What the task asks -
Set down word for word the lines that begin the entries and run through the line containing "RoB T-shirt black with orange logo". Give nothing further.

Short web captions -

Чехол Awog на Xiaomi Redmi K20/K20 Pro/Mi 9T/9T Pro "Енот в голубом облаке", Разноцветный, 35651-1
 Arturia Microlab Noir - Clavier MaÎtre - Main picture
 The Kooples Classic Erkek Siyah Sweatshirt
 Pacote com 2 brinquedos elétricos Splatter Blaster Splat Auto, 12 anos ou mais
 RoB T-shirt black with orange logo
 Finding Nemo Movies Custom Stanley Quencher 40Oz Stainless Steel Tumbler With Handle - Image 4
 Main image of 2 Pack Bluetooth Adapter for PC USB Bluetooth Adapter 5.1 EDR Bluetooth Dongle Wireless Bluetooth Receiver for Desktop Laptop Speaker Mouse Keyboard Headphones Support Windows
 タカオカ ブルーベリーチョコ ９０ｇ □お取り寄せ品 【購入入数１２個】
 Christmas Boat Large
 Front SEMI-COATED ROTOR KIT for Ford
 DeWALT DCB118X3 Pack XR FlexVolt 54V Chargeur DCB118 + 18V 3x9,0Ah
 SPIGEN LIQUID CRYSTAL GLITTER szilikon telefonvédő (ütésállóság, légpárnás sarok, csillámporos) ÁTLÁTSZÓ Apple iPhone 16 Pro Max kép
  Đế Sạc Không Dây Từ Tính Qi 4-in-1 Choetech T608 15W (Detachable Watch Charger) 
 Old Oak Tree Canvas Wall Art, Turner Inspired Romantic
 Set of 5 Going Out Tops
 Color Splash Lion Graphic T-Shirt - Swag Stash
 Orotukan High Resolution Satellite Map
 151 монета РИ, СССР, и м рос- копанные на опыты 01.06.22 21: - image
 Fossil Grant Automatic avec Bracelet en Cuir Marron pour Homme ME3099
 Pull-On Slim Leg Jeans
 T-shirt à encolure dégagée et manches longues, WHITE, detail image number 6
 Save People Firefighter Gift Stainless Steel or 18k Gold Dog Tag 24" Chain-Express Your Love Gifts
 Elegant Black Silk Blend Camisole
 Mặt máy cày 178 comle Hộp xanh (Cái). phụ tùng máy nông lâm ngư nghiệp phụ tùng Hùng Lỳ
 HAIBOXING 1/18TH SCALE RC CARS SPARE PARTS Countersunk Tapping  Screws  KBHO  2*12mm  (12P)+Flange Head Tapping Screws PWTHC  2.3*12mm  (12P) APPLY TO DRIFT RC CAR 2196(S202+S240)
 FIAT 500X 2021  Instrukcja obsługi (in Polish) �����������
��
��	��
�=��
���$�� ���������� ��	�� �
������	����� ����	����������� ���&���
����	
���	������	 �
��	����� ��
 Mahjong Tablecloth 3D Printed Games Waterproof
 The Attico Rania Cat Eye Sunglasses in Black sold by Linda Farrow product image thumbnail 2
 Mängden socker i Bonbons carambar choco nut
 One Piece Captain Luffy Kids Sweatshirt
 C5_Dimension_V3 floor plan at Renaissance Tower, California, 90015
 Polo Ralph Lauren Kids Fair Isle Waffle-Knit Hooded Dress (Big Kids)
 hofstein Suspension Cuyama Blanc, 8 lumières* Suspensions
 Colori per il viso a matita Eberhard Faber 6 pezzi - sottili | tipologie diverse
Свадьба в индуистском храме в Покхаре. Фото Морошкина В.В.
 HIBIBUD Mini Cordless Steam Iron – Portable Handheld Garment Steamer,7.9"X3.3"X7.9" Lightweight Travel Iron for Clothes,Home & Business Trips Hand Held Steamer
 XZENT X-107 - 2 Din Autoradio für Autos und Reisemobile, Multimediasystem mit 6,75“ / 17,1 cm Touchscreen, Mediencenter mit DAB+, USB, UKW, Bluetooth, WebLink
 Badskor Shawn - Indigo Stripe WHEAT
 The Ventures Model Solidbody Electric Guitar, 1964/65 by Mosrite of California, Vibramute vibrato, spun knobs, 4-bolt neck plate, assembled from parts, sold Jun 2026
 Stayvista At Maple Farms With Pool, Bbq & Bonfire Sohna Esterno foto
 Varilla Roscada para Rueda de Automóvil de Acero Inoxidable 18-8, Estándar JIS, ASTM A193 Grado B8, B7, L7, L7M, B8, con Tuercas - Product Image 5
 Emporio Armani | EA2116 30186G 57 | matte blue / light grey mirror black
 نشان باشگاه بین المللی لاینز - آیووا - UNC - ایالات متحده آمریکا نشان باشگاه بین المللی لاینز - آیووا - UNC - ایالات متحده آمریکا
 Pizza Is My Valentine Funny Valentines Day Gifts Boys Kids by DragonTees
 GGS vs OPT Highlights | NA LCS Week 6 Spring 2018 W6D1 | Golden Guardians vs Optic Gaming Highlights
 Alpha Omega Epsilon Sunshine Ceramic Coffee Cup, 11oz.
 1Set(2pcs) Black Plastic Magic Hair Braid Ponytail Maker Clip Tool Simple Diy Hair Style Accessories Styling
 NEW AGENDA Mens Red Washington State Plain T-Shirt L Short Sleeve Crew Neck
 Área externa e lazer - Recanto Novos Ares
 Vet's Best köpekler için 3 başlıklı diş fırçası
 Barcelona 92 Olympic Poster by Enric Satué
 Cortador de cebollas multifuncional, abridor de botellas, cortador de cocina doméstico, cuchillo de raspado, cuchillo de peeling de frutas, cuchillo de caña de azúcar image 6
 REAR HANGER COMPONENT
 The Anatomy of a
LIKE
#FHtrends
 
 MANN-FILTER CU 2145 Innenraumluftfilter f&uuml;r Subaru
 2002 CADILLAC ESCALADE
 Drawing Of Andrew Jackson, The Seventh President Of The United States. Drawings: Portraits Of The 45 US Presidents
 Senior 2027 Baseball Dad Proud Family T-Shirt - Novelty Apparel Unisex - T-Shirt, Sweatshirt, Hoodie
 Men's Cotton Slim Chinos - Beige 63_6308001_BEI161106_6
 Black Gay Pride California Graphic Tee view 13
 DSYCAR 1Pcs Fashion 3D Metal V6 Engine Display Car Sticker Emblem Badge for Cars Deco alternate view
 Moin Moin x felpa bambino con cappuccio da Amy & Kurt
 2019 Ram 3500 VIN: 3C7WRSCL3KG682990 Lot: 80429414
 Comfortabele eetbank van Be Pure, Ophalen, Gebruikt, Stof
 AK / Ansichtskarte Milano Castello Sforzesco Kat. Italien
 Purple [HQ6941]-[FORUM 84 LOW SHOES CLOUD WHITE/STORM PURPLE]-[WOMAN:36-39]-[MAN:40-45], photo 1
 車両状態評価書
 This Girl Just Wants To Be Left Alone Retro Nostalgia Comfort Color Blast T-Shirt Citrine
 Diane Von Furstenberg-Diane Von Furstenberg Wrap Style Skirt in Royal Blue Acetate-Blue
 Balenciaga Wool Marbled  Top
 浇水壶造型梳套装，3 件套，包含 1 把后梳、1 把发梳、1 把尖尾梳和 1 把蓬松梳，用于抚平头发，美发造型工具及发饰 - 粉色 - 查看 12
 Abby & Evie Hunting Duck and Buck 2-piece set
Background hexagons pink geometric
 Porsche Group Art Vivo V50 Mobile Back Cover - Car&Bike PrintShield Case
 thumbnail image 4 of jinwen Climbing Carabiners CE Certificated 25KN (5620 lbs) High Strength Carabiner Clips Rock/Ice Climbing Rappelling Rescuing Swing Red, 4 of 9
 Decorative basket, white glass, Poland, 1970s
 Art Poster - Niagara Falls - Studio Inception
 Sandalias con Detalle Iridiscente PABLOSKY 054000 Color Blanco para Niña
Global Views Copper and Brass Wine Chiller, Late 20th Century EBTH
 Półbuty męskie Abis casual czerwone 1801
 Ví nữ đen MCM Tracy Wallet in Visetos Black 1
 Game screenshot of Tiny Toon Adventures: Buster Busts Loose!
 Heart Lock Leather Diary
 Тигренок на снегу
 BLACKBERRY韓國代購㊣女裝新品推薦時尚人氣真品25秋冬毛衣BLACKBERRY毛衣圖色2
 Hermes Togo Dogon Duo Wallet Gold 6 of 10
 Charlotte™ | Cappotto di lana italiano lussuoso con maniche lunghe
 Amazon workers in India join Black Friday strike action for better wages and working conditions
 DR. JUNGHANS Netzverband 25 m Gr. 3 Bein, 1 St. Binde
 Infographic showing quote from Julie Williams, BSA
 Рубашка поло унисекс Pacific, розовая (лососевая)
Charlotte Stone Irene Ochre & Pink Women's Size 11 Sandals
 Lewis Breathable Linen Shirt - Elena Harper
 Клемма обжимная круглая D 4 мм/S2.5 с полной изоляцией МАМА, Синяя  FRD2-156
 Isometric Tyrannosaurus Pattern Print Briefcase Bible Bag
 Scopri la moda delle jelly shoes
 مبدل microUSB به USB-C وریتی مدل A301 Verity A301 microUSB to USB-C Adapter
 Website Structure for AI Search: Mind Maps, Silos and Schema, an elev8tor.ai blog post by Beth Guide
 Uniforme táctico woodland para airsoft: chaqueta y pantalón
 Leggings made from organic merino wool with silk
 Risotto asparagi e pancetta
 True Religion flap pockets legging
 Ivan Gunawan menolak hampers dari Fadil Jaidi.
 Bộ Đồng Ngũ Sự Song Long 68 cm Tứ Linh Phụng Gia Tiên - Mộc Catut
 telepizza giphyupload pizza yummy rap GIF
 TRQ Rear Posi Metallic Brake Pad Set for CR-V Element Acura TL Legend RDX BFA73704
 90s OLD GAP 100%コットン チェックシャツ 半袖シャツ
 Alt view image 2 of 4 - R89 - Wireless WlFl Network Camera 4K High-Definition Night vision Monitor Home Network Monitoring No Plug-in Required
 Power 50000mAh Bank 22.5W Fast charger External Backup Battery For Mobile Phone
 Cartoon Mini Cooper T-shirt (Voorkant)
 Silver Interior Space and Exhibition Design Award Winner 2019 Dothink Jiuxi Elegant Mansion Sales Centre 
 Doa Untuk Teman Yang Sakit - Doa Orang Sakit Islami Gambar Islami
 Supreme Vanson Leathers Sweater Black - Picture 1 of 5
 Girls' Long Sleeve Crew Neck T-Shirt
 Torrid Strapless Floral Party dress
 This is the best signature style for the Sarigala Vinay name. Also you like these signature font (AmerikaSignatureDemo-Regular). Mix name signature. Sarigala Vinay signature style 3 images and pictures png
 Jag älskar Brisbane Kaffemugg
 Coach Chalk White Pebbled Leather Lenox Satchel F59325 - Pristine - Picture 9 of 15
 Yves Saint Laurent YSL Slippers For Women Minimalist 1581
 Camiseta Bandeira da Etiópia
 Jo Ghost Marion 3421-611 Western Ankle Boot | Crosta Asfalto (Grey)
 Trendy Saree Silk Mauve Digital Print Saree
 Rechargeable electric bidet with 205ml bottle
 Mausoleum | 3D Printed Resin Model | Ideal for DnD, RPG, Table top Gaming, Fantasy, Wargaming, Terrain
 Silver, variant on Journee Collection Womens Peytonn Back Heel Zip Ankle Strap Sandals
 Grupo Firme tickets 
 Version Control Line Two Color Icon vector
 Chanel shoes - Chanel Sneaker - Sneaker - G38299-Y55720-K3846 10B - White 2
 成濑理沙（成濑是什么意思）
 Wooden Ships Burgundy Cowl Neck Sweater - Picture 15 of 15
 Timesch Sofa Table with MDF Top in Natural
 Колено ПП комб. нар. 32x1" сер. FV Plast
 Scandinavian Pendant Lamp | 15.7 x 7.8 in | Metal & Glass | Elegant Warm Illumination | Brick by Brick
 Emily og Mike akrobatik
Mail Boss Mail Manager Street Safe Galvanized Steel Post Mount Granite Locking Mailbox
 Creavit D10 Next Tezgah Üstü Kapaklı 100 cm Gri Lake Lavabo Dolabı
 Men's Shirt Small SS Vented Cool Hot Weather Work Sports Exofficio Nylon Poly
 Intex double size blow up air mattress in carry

Output for this task -
Чехол Awog на Xiaomi Redmi K20/K20 Pro/Mi 9T/9T Pro "Енот в голубом облаке", Разноцветный, 35651-1
 Arturia Microlab Noir - Clavier MaÎtre - Main picture
 The Kooples Classic Erkek Siyah Sweatshirt
 Pacote com 2 brinquedos elétricos Splatter Blaster Splat Auto, 12 anos ou mais
 RoB T-shirt black with orange logo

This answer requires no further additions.